Mr Obama is seeking to build a coalition of moderate Muslim governments to support his efforts to revive stalled Middle East peace talks and help the United States curb Iran's nuclear programme. -- PHOTO: REUTERS
CAIRO - PRESIDENT Barack Obama warmly greeted Egyptian President Hosni Mubarak on Thursday in this ancient seat of Islamic learning and culture before delivering a dose of 'truth-telling' about the often fraught relations between Americans and Muslims to a vast, electronically linked-in global audience.
Aides said Mr Obama's long-promised speech would blend hopeful words about mutual understanding with carefully chosen language on Iraq, Afghanistan and the Israeli-Palestinian standoff, plus blunt talk about the need for Muslims to embrace democracy, women's rights and economic opportunity.
AFTER watching Mr Obama give his first presidential television interview to an Arab station in a speech in Turkey in April, Muslims agree that the time for lofty rhetoric is over.

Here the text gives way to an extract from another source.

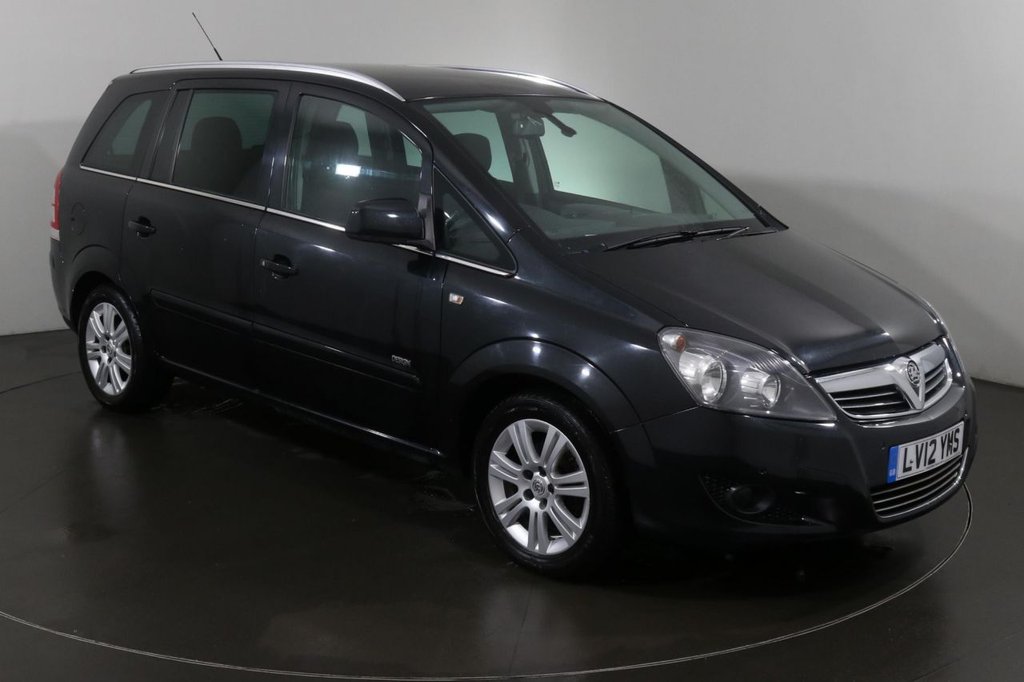 View our VAUXHALL ZAFIRA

On Thursday, they want to hear the specifics of how he plans to change US policy in the Muslim world that for years has emphasised military assistance to mostly authoritarian governments rather than development aid.
After spending the night at Saudi King Abdullah's horse farm in the desert outside Riyadh, Mr Obama arrived at Egypt's imposing, ornate Qubba Palace on a lush property in the middle of Cairo with nearly two dozen horses leading his motorcade down the wide, palm-lined palace drive.
The US president jogged up the steps to greet his Egyptian counterpart with a handshake and the region's traditional double-cheek kiss. As the two leaders stood on a balcony, a military band in blue dress uniforms played both countries? national anthems.
Later, Mr Obama was delivering his long-promised speech to an audience at Cairo University. His brief stay in the city also was to include a visit to the Sultan Hassan mosque, a 600-year-old center of Islamic worship and study, and a tour of the Great Pyramids of Giza on the capital's outskirts. Aides said the schedule also would afford Mr Obama time to talk to Egyptian journalists and young people.
By the time Mr Obama had arrived, some of Cairo's main thoroughfares, normally packed with cars in the morning rush, were near empty. Many residents chose to stay home rather than try to navigate the sprawling city of 18 million with the heavy traffic restrictions.
The independent newspaper Al-Dustour ran a front-page banner headline that read: 'Today Obama visits Egypt after evacuating it of Egyptians.' Another paper's headline said: 'Cairo closed.'
Some major streets around areas Mr Obama was visiting were closed to traffic and lined with police in white uniforms and central security forces. Sidewalks and bridges around the airport road and the presidential palace were freshly painted and cleaned. Near the Sultan Hassan mosque, Egyptian authorities moved an entire bus station to keep crowds far away. Traffic police spread flyers to let drivers know which roads were closed.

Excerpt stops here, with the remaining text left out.